Michael Mukasey, a retired judge who has refused to denounce interrogation methods viewed worldwide as torture, has been confirmed as the new US attorney general by a divided senate.
Mukasey's election on Thursday by 53 to 40 votes was split mosty on party lines. Democrats opposed him due to his resistance to declare simulated drowning unlawful.
He has been appointed as the country's chief law enforcement officer after his predecessor Alberto Gonzales resigned under pressure in September.
Gonzales had been critcised as a political tool of the Bush government.
Mitch McConnell, the senate Republican leader, defended Mukasey, saying: "Tonight, a clear bipartisan majority of the US senate voted to confirm Judge Mukasey because he is one of the most qualified candidates ever nominated to the position of attorney general".

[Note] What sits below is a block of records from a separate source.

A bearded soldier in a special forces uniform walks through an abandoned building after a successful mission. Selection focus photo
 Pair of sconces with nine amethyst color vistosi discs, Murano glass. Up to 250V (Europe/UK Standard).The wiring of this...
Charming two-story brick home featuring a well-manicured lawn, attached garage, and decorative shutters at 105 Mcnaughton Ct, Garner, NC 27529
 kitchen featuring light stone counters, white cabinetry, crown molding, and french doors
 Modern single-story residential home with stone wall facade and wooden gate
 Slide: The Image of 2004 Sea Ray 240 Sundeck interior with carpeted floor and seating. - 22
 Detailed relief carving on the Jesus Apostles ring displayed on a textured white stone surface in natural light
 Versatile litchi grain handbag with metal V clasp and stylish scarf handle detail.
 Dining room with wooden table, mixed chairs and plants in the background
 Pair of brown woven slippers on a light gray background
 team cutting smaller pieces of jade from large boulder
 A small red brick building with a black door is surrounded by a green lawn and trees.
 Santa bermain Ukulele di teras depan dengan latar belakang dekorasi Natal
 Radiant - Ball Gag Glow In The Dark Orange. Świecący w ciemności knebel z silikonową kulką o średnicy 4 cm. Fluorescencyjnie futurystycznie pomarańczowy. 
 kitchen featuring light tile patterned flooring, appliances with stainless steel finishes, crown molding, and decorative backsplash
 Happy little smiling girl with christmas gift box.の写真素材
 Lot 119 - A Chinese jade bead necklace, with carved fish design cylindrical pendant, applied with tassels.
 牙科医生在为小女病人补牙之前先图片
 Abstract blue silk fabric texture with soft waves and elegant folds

Mukasey had been given initial support from senators who saw him as a fair and independent-minded nominee.
But the former judge was criticsed after he told the senate judiciary committee at his confirmation hearing last month that torture violated the US constitution, but he was unsure if waterboarding was unlawful.
In a follow-up letter Mukasey said that he finds waterboarding "repugnant", but would be unable to determine its legality until he examined classified US interrogation policies.
Harry Reid, the senate Democratic leader, expressed doubts concerning Mukasey: "Judge Mukasey's answer to the waterboarding question was important in itself, but it also raised for me serious doubts about whether he is prepared to be the truly independent voice that the justice department so desperately needs.
"If he cannot stand up to the president on such a question of profound importance with a clear legal answer, how can we be sure that he would be more than just another mouthpiece for an administration that treasures secrecy and loyalty above all?" Reid asked.
Mukasey's confirmation promises included the enforcement of any new laws that specifically bans waterboarding.